The judge sentenced Tsao to undergo six years` corrective training.
He rejected the prosecution`s argument that s 458A applied here as well and that, therefore, caning should also be imposed. This was because the offence Tsao pleaded guilty to was an attempt to commit the offence under s 457, whereas s 458A states that the enhanced punishment of caning applies where a person commits an offence under s 457.

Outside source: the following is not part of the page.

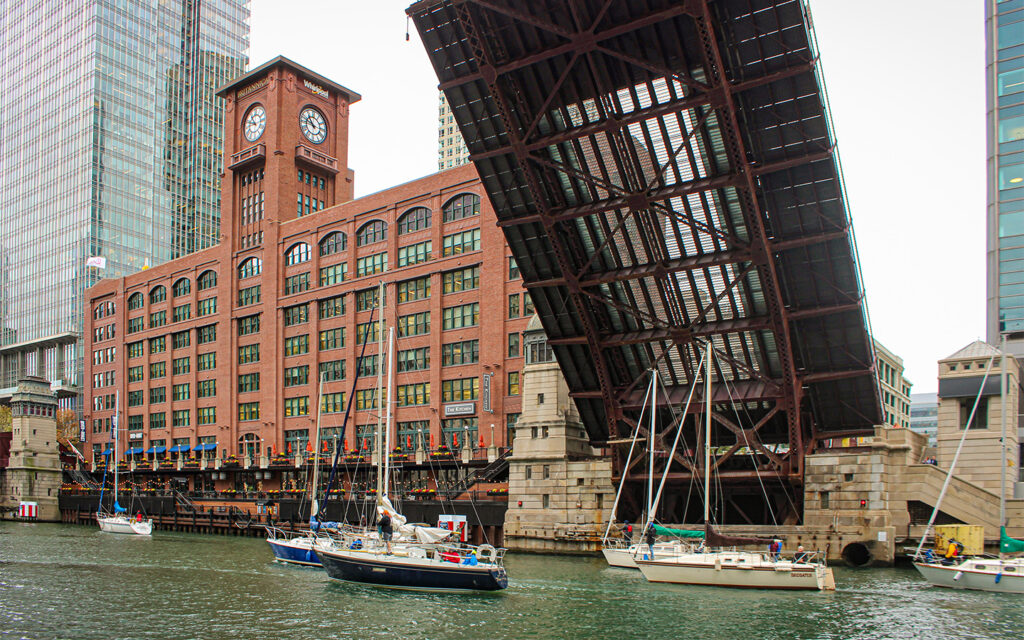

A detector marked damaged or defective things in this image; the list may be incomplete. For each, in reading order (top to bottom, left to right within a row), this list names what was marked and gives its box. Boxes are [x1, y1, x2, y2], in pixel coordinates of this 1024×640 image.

rusty steel truss [408, 0, 880, 524]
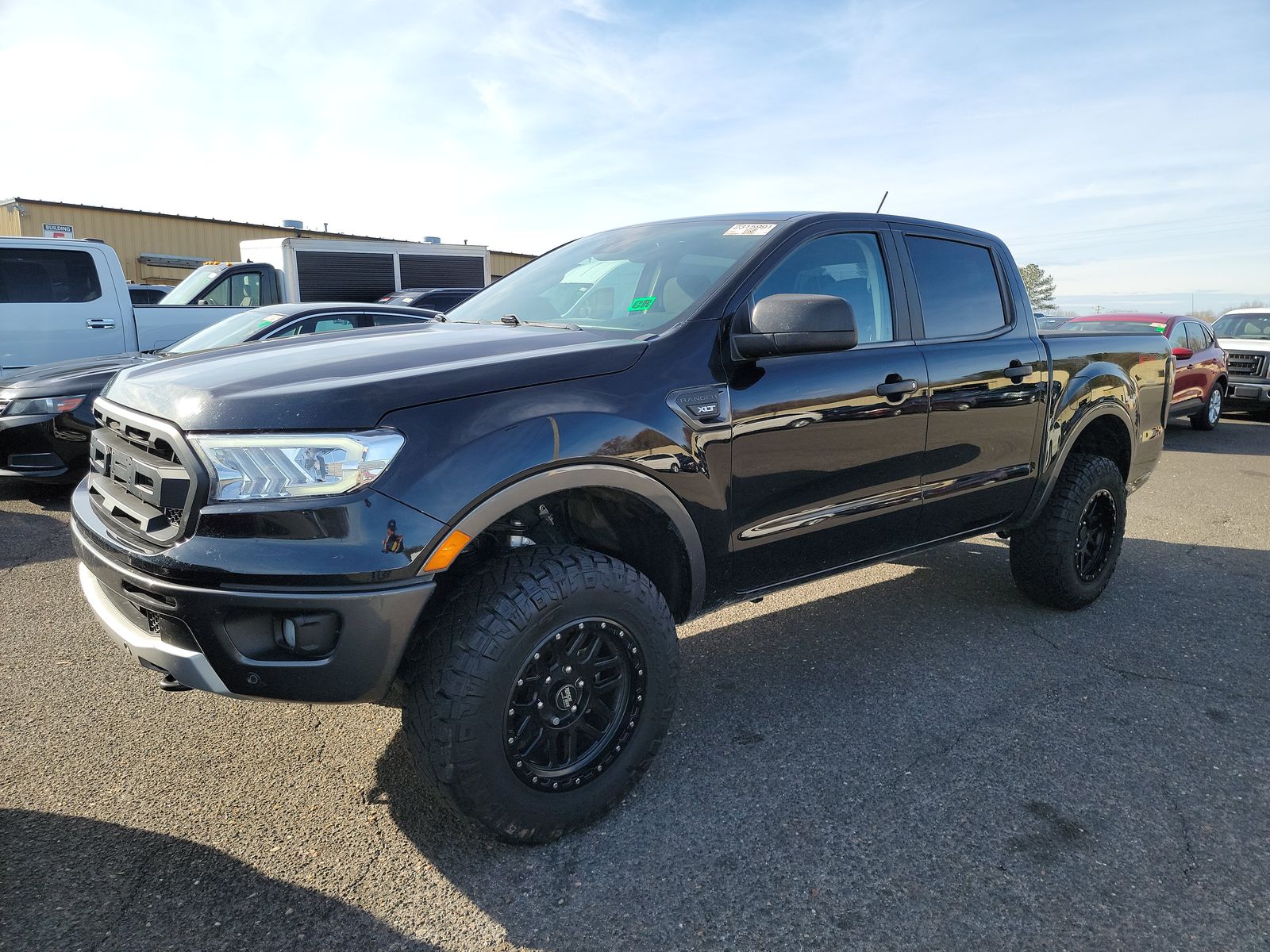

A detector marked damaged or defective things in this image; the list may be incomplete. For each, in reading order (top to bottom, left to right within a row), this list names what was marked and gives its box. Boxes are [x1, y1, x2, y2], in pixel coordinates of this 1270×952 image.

cracked pavement [2, 413, 1270, 949]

The prosecution appealed on the basis that the sentence was manifestly inadequate because the judge failed to impose the punishment of caning.


The issue

The issue here was whether or not s 458A applies where a person is convicted of having attempted to commit an offence under s 457 and, if so, whether or not Tsao was liable to the enhanced punishment of caning. The DPP submitted that there is no direct authority in the law reports which relates to this issue, and invited the court to set out the grounds of its decision to provide a useful precedent for the future.

The prosecution case

The prosecution submitted that a plain reading of s 458A showed that it applies. The charge states that Mr Tsao `committed an offence punishable under section 457 read with section 511`. There is no distinct offence of attempted house-breaking and so the offence was one under s 457, but read with another section. Therefore, Tsao committed an offence under s 457.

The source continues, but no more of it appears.